Blocking the mutant protein with an antibody didn’t stop the strange, abnormal bone growths in mice. But the knowledge gained could steer scientists toward more promising approaches, report researchers from UConn and Alexion Pharmaceuticals in the 15 June issue of The Journal of Clinical Investigation.
Fewer than 4,000 people worldwide are afflicted with fibrodysplasia ossificans progressiva (FOP), an inherited disease in which small injuries or bruises to skeletal muscle provoke the growth of massive, abnormal bone and cartilage. Gradually much of the body’s soft tissue turns to bone. Now, researchers at UConn and Alexion Pharmaceuticals who were investigating a potential cure instead found a concerning surprise–blocking the protein responsible for the disease with a monoclonal antibody made the abnormal bone growth worse in mice .
Normally, stem cells help repair muscle damaged by injury or disease. But in people with FOP, certain stem cells get the wrong message from a mutant receptor on their surface. Instead of promoting muscle regeneration, the stem cells develop into bone.

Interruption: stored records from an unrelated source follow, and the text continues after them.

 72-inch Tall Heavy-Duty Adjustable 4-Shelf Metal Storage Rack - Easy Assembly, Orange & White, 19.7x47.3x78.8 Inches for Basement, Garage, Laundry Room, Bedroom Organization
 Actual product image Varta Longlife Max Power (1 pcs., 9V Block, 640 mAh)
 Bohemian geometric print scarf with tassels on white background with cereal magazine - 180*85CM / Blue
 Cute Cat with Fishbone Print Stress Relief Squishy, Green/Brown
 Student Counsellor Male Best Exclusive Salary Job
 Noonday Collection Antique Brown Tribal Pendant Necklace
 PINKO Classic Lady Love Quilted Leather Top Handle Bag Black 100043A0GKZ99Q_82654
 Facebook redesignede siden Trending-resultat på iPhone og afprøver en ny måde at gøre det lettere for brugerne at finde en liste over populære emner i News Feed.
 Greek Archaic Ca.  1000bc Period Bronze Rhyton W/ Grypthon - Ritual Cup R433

UConn Professor of Molecular and Cell Biology David Goldhamer, Alexion Pharmaceuticals researcher Jeffrey Hunter, and colleagues worked for years to discover a potential antibody therapy for FOP using accurate genetic mouse models of the disease developed by the two groups. The idea was that the antibody would block the mutant receptor and prevent the responsible stem cells from making new bone. But the results were exactly the opposite.
“The unexpected result: injecting the antibody into FOP mice caused a dramatic increase in inappropriate bone formation,” instead of protecting them as we’d hoped, Goldhamer says.
Goldhamer, Hunter and their teams worked with an antibody discovered by Alexion that interferes with the specific cell-surface receptor involved in FOP called Activin A receptor type 1, or ACVR1. The researchers thought that if they blocked ACVR1, the abnormal bone growth would stop. But instead, it was exacerbated.
“The antibody appears to lower the injury threshold needed to stimulate bone growth within muscle tissue. Mild injuries that normally don’t make bone in FOP mice suddenly make lots of bone. Additionally, the antibody increases and prolongs the immune response to the injury,” Goldhamer says.
Another team working on antibody-based therapies for FOP ran into the same effect. Regeneron Pharmaceuticals used different antibodies they derived independently, as well as a different strain of FOP mice, but got the same adverse result. Their paper also appears in the JCI this week.
The teams don’t yet know precisely why the antibodies dramatically worsen the disease in mice, but their work raises serious safety and efficacy concerns for the clinical application of this approach, which has not yet been tested in humans. Neither team has plans to pursue this clinically.
This work was funded by a grant from the National Institutes of Health (R01AR072052) and a sponsored research agreement between Alexion Pharmaceuticals and the University of Connecticut.